En mi libro anterior, la autobiografía Entre la espada y la tv, publicada a fines de 2001, hice un recuento de importantes hechos que habían impactado mi vida hasta ese momento, cuando me preparaba para celebrar el 2002 mis cuatro décadas en televisión. Sabía que la prensa me haría muchas entrevistas, pero yo quería contar con mis propias palabras cómo pasé de ser un joven graduado de técnico modelista al orgulloso conductor y creador del programa de más larga duración de la historia de la televisión en el mundo.
Quise hacerlo por escrito, al igual que en mi telebiografía Quién soy de 1987, porque considero que en un papel la palabra queda para siempre, y si mil ejemplares de mi historia ocupan un lugar en algún rincón de mil hogares del mundo, sentiré que parte de mi alma está ahí, junto a los que siempre me brindaron su afecto y aplauso.
Son curiosos los ciclos de la existencia humana. Hoy me siento como si hubiera regresado a mis comienzos en muchas cosas. Durante toda mi carrera he estado rodeado de mucha gente, con un gran equipo de profesionales acompañándome en cada nuevo desafío. Podrían contarse en varios cientos los compañeros de ruta. Pero hoy, como en los comienzos, solo somos cuatro mosqueteros en busca de la espada de D’Artagnan para recomenzar y enfrentar alguna batalla en la que podamos dar la estocada final al éxito.
Tengo muchos sueños e ilusiones dando vueltas en mi cabeza, como si tuviera veinte años, pero con una gran diferencia: ya no soy el mismo. Con algo de dificultad y mucho de rebeldía, he tomado conciencia de que mi mente es mucho más joven que mi cuerpo, y que ambos muestran signos claros de fatiga de materiales.
He decidido esperar con gran respeto la llegada de las ocho décadas porque me doy cuenta de que aun cuando ya jugué mi partido (como en el fútbol) y estoy en los descuentos (tiempo agregado), sigue siendo una buena oportunidad para vivir lo que me queda en esta parte de la vida.
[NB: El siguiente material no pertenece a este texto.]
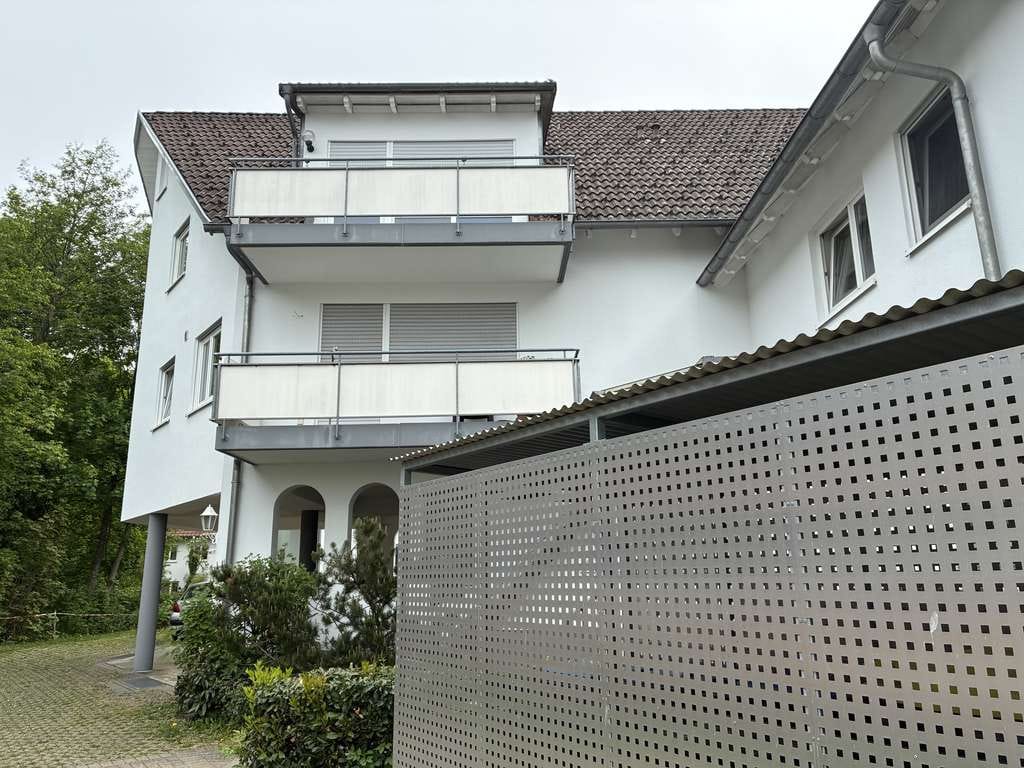 Immobilie in Stegen - Von Privat:  3-Zimmer-Wohnung mit ausgebautem Studio in Stegen, ruhig und zentral - Bild 0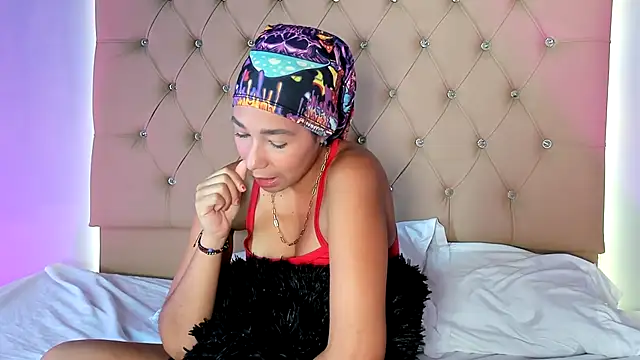 Snapshot of EmmaLawrence_ chatting on December 22, 2025, 7:11 pm EmmaLawrence online show from December 22, 2025, 7:11 pm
Aunque todos me acusen de pesimista y derrotista, debo decirles con firmeza que se equivocan. En el fondo soy un gran optimista y estoy convencido de que hay algo bueno a la vuelta de la esquina.
Para guiarme en esta parte del camino, recurro al GPS más eficiente que he conocido, mi propio instinto, el que ahora me indica claramente que es buen momento para compartir lo que aprendí en el trayecto. Es un gran estímulo y una esperanza saber que estas reflexiones pudieran ser útiles para alguien.
Además, lo hago porque me siento privilegiado. Dios, una fuerza superior o el destino me han regalado una vida hermosa. Con Temy, mi esposa, hemos disfrutado de un matrimonio que ya transita en los cincuenta y ocho años. Construimos un hermoso hogar que tuvo como fruto estelar el nacimiento de nuestros tres hijos, y a ellos se sumaron con el tiempo nueve nietos muy consentidos, algunos casados, otros enamorados y varios decepcionados del amor (por el momento). Todos, cabalgando en medio de la apasionante búsqueda de un lugar propio en el extraño planeta de los adultos.